Vale apontar que uma forma de entender nossa vida - algo que a aproxima da arte - é como um drama. Nossa história de vida é como a vivência de uma trama, com todos os seus incontáveis fios tecidos nas mais variadas direções, vindos das mais variadas localidades, entrecruzados com os mais variados nós (o próprio termo “trama” vem do mundo têxtil, assim como “texto").

Assim, o contato com outros dramas, a conexão de nossas tramas pessoais com tramas outrora aparentemente alheias, expandiria e enriqueceria nossa própria trama. Esse movimento de costura de tramas - de vidas -, que alarga nosso ser, tornaria nossa experiência de vida mais rica, convidando-nos ao caminho da sabedoria, dado que tal alargamento do ser pode embasar entrelaçamentos mais conscientes, atenciosos, compassivos e responsáveis, dado que será possível entender melhor os dramas alheios e se possuirá mais repertório para averiguar melhor nossos próprios atos.

O contato atento com uma arte como a literatura pode, portanto, tornar nossa experiência do mundo mais rica e profunda, ajudar no aprimoramento de nossas maneiras de perceber, significar e vivenciar o mundo (aprimorar cosmovisões) e diminuir embotamentos perceptivos - elementos fundamentais para nosso aprimoramento ético.

Esse processo deve ser realizado desde a infância, dado que  “a literatura possibilita para as crianças comunicação mais clara e transparente, levando em consideração que quanto mais leitura a criança fizer, maior o repertório de palavras, maior a facilidade na comunicação com o outro” (OLIVEIRA; SILVA; SILVA, 2023, p.19). Esses repertórios, tanto de palavras quanto de habilidade no contato com a alteridade, é essencial para o aprimoramento ético supracitado.

Em outras palavras,

A leitura vai auxiliar a criança na sua forma de ver o mundo, ao contar uma história é possibilitado a criança a pensar o cenário, a situação, os personagens, a fala e através das características da história que a criança pode construir seu perfil de leitor que se torna importante pois, consequentemente, vai reverberar no seu crescimento e a maturação emoções e sensações. (OLIVEIRA; SILVA; SILVA, 2023, p.21).

 

Bachelard (1993, p.7) contribui ainda mais para o debate aqui apresentado ao refletir sobre as relações que nos são possíveis com poemas ao apresentar os conceitos de “ressonância” e “repercussão”:

A repercussão opera uma inversão do ser.
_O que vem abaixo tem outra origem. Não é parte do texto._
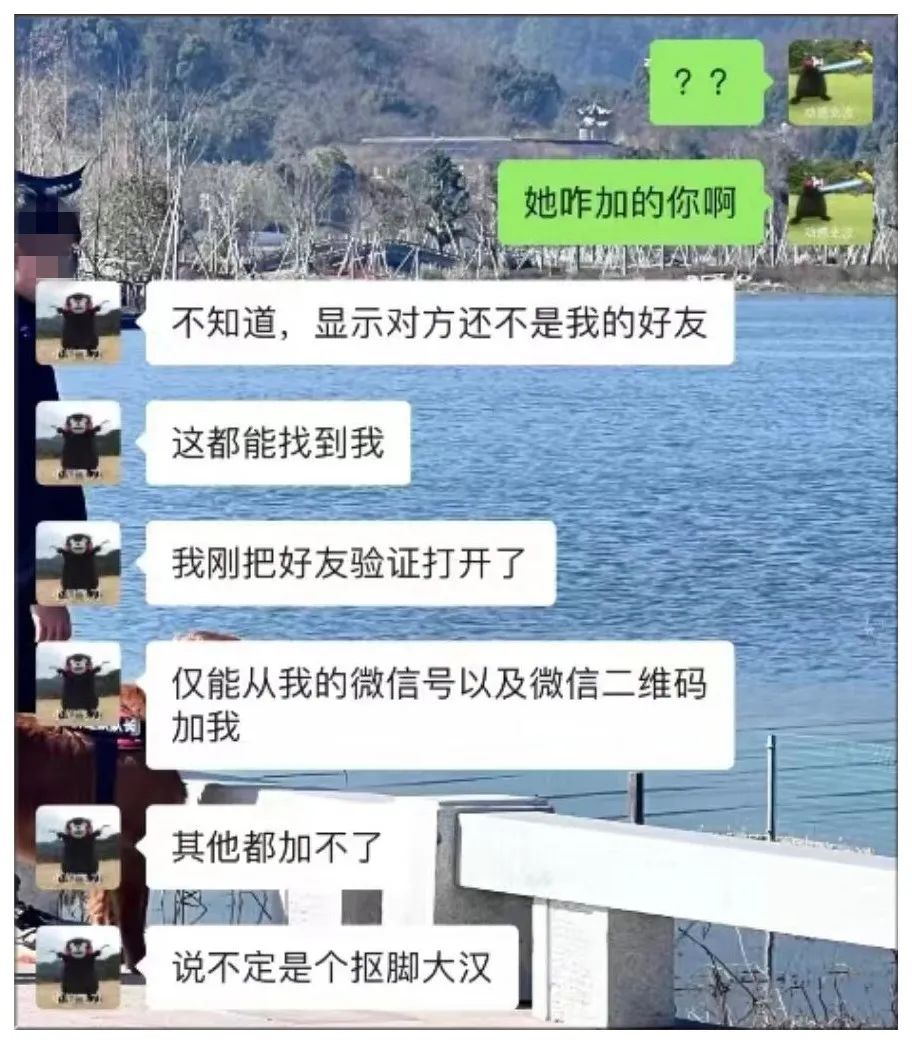 女朋友注册小号试探自己,女朋友注册小号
Parece que o ser do poeta é o nosso ser [...]. Dito de maneira mais simples, trata-se aqui de uma impressão bastante conhecida de todo leitor apaixonado por poemas: o poema nos toma por inteiro [...]. É como se, com sua exuberância, o poema reanimasse as profundezas do nosso ser.

 [...]

As ressonâncias dispersam-se nos diferentes planos da nossa vida no mundo; a repercussão convida-nos a um aprofundamento da nossa própria existência.

 

Por via da ressonância e da repercussão que imagens poéticas podem gerar no leitor, podemos, portanto, viver experiências poéticas através da escrita de outra pessoa. A poesia de outrem soa novamente em nós – ressoa -, ouvimos o poema, e então podemos repercuti-lo como se ele partisse agora de nós.
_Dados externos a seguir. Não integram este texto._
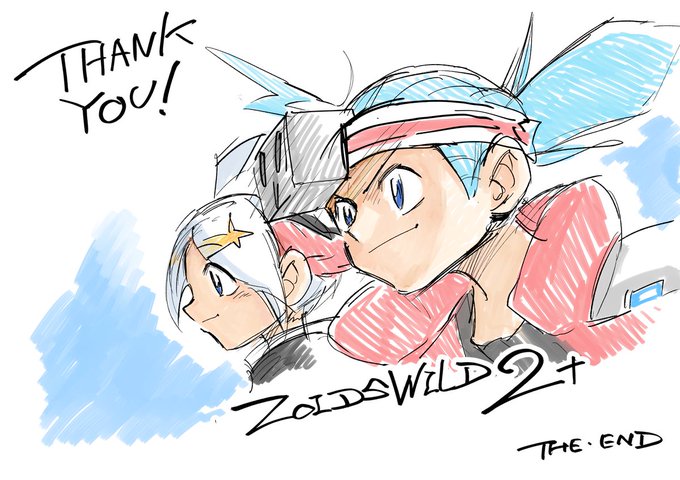 ゾイドワイルド2のtwitterイラスト検索結果 ゾイドワイルド2のtwitterイラスト検索結果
As ideias de repercussão e ressonância em Gaston Bachelard apontam para a possibilidade da literatura gerar alargamentos existenciais no leitor. Em uma espécie de amálgama entre escritor e leitor, um bom poema possibilita transformações nos fundamentos da experiência do mundo, ou seja,  transformações cosmológicas. Pela poesia - e nada impede que se expanda tal percepção para a prosa - podemos nos transformar profundamente, inclusive no modo como percebemos, significamos, representamos e habitamos o mundo, os lugares, nós mesmos.

Ainda, vale apontar que:

A literatura pode ser a arena possível para enfrentar temas pungentes e atuais da cultura.  Por  sua  capacidade  de  reunir  e  fazer  conviver  diferentes  vozes,  por  sua diversidade e capacidade dialógica pode acolher o debate das diferenças, da tolerância, daquilo  que  inibe,  que  assombra,  que  rechaça.  A  literatura  pode  ser  acolhimento quando,  na  voz  do  outro, encontra-se eco do  que  provoca  e  não  se  tem  coragem  de proferir em voz alta. (SALUTTO, 2019, p. 125).

 

Não seria sem sentido propor, nesse âmbito, que, se bem habitar o mundo é estar nele da maneira mais plena possível, cada esforço, insight ou atitude que nos faz estarmos mais conscientes no mundo aumentaria nossa capacidade de habitá-lo. Por via da literatura, se concordarmos com Bachelard e com Salutto, podemos ampliar tal capacidade.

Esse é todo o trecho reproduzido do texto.